O descontrole gera riscos de colapsos, cortes indesejados em energia limpa e gastos com fontes poluentes. Um dos desafios é que, entre as 10h e as 16h, as usinas e os painéis solares geram muita energia num horário em que o consumo é baixo. No fim da tarde e no início da noite, quando essas unidades já não geram mais energia pela falta do sol, a demanda começa a crescer e exige que usinas térmicas, algumas poluentes, entrem em operação. Normalmente, o ONS e a Empresa de Pesquisa Energética (EPE) planejam o crescimento das linhas de transmissão vinculado ao da demanda, e não ao da oferta. O problema é que o avanço da geração distribuída se deu de tal forma que as previsões não capturaram o movimento. Hoje, o volume de geração distribuída já atingiu o previsto para 2030. O que está ocorrendo é algo absolutamente crítico. Em só uma década, a capacidade instalada de energia solar no Brasil deu um salto impressionante: passou de modestos 132 MW para cerca de 60 mil MW. Dois terços vêm da geração distribuída (a fornecida pelos próprios consumidores), modalidade que já envolve 20 milhões de brasileiros.
O ONS e o Ministério de Minas e Energia buscam soluções. O ONS afirmou que uma das propostas para aliviar o sistema sem medidas emergenciais é a implementação de Operadores do Sistema de Distribuição (DSO - Distribution System Operators), que permitiria coordenar os recursos conectados diretamente às redes das distribuidoras. Seria como se as distribuidoras atuassem como um operador do sistema. Em março, o Ministério de Minas e Energia (MME) criou o Grupo de Trabalho do Curtailment, com o objetivo de seguir atuando de forma estruturada para garantir a segurança e estabilidade do sistema elétrico brasileiro.
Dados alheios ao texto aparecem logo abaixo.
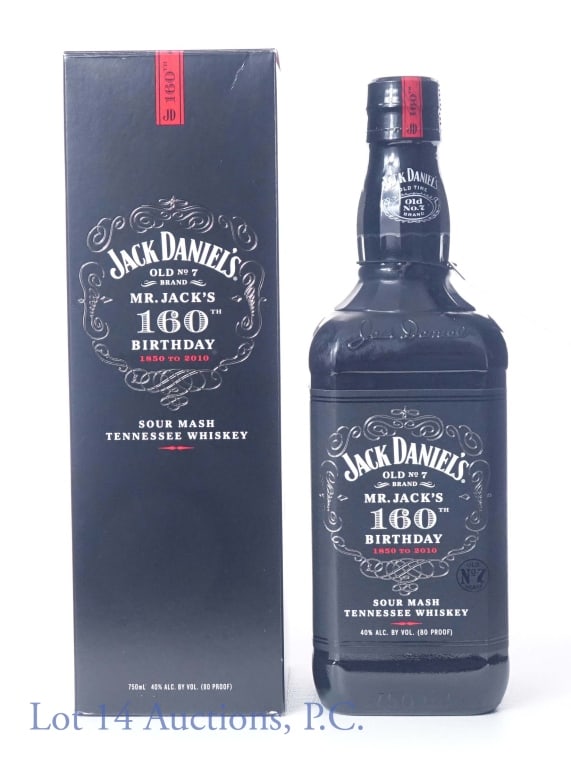 Jack Daniel's Whiskey - Mr. Jack's 160th Birthday: Jack Daniel's Old No. 7 sour mash Tennessee whiskey - Mr. Jack's 160th Birthday. 80 proof. 750 ml. Original box and neck tag. Bottling No. 012394 B.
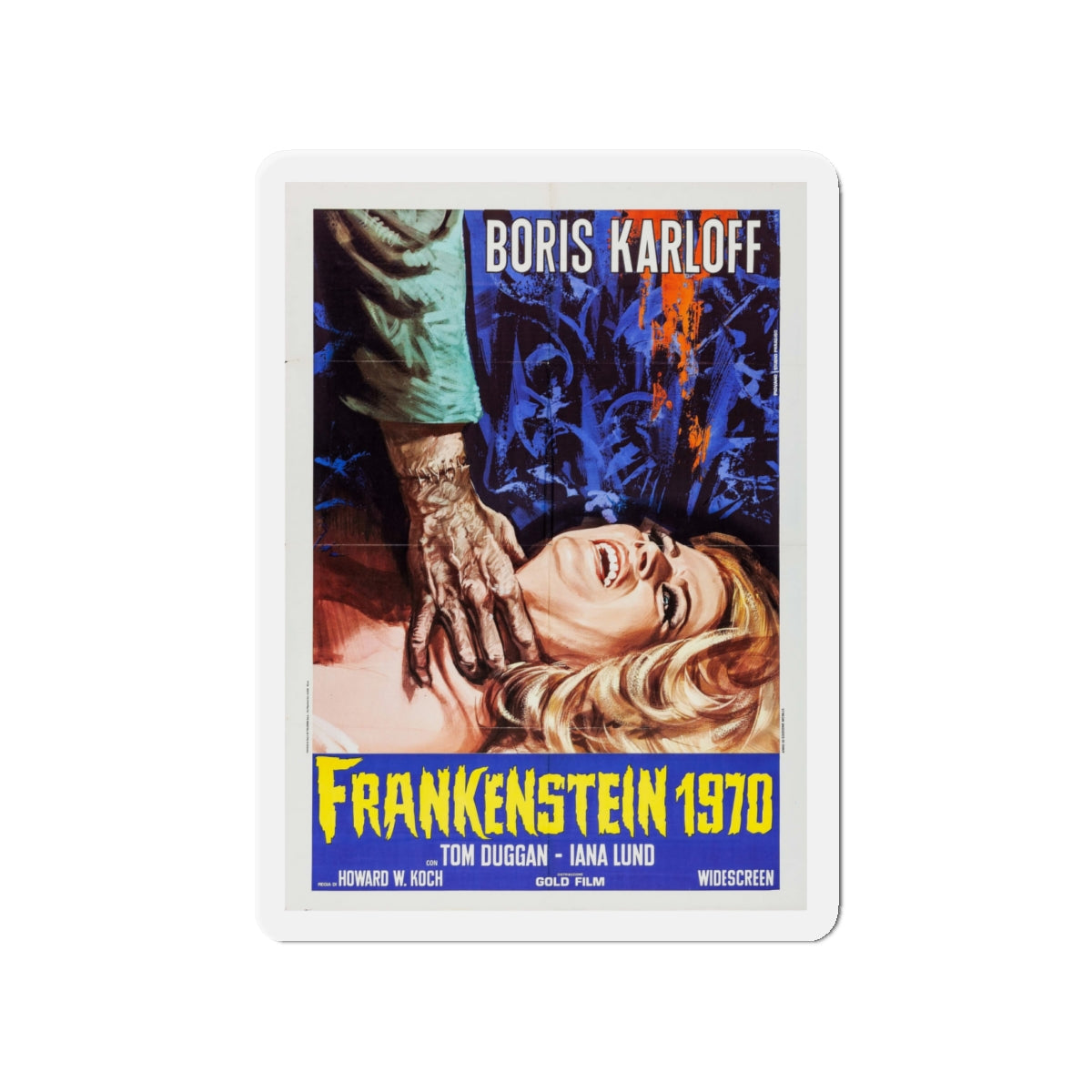 FRANKENSTEIN 1970 (ITALIAN) 1958 Movie Poster - Die-Cut Magnet-4" x 4"-The Sticker Space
O MME afirma que, entre as medidas já encaminhadas, estão a elaboração de diagnósticos técnicos sobre a natureza e a magnitude dos cortes, a proposição de soluções regulatórias e operacionais, além da priorização de obras de transmissão e da instalação de equipamentos que aumentem a confiabilidade da rede.
A Casa dos Ventos sugeriu que uma das soluções possíveis para os cortes de geração renovável (curtailment) é a exportação da eletricidade que está sendo cortada. O Brasil já tem a Exportação de Vertimento Turbinável (EVT), que nada mais é do que exportar o curtailment das hidrelétricas. No dia 5 de outubro, o Brasil chegou a cortar 18 mil megawatts (MW) de potência, o equivalente ao consumo da Argentina. Também seria interessante uma atuação para atração de demanda para o País. Como exemplo, pode-se citar o Paraguai, que também tem abundância de energia, e, em um ano atraiu 1 gigawatt (GW) de carga por meio de agentes de mineração de criptomoedas. Neste cenário, as empresas de energia deverão estar cada vez mais próximas de seus parceiros para viabilizar soluções que permitam atrair demanda de forma inteligente para integrar e gerar riqueza já que o desafio brasileiro não é de geração, pois o Mwh (megawatt-hora) eólico e solar é o mais competitivo do mundo. Fonte: Broadcast Agro. Adaptado por Cogo Inteligência em Agronegócio.